Using event-study techniques, we investigate the impact of Brexit-related events on the spot exchange rate of the British pound against the euro and the US dollar. We want to find out whether Brexit-related news, including the Brexit referendum itself, has an impact on British pound exchange rates. By splitting our Brexit-related events into ‘good’ Brexit news and ‘bad’ Brexit news, we find that Brexit news has an impact on British pound exchange rates. Bad Brexit news is associated with a depreciation of the British pound against the euro and the US dollar whereas ‘good’ Brexit news appreciates the Pound against the euro. Furthermore, our empirical results suggest that market participants display a delayed reaction to bad Brexit news. As the referendum has clearly a significant impact on both British pound/euro and British pound/US dollar exchange rate volatility, the impact of Brexit news is only for the British pound/euro exchange rate volatility measurable. Besides the asymmetric volatility pattern towards positive and negative shocks in general, we find that the statistically significance and the magnitude of the impact of good Brexit news is higher than these of bad Brexit news. Concerning the British pound/US dollar exchange rate volatility, our results display a weak presence of volatility asymmetry in terms of shocks and good/bad Brexit news, respectively.

Keywords

Spot exchange rate Brexit Event-study EGARCH 

JEL classifications

C 32 C58 F 31 G15 

Notes

Acknowledgements

This paper is part of EIIW research funded by the Deutsche Bundesbank.
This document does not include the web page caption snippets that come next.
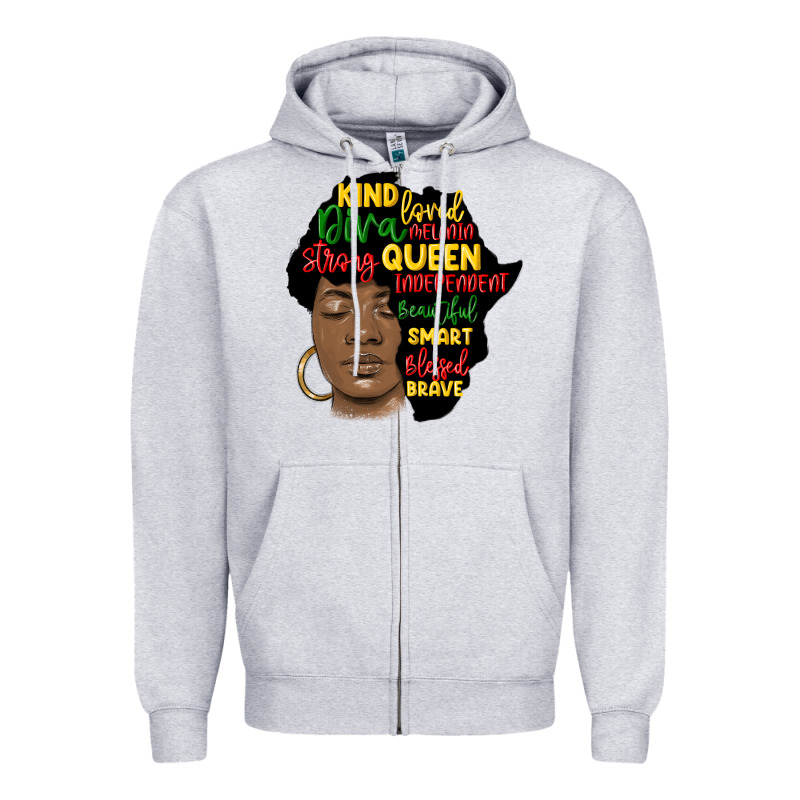 Black Woman Africa Silhouette Zipper Hoodie by MaliasSmallBusiness | Teevron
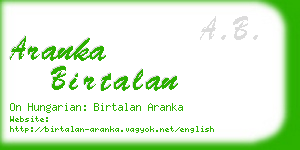 aranka birtalan business card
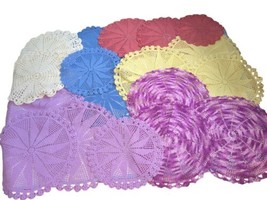   Vtg 26 Hand Crocheted Pinwheel  Doilies Assort Sizes And Colors. 11&quot;- 14&quot; - £15.75 GBP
While the authors gratefully acknowledge funding from the Deutsche Bundesbank within the project “The Influence of Brexit on the EU28: Banking and Capital Market Adjustments as well as Direct Investment Dynamics in the Eurozone and other EU Countries”, opinions expressed within represent those of the authors and do not reflect the views of the Deutsche Bundesbank or its staff. We gratefully acknowledge editorial assistance by David Hanrahan (EIIW), data assistance by Lev Nazarov and Valeryia Siarheyeva, comments by Prof. Dr. Andre Jungmittag, Frankfurt University of Applied Sciences and IPTS Sevilla, Prof. Dr. Frank Bohn, Radboud University, Prof. Dr. Volker Clausen, University of Duisburg-Essen, Tobias Gruhle, Johannes Gutenberg-University, EIIW seminar participants and participants of the 14th CEUS Workshop on European Economics. Comments from Alexandra Dumitru, Rabobank, Manfred Kremer, European Central Bank, Prof. Dr. Paul J.J. Welfens, University of Wuppertal, Andrew Mullineux, University of Birmingham, and Christopher Thiem, University of Duisburg-Essen, at the EIIW workshop, March 16, 2018, are appreciated. The usual disclaimer applies.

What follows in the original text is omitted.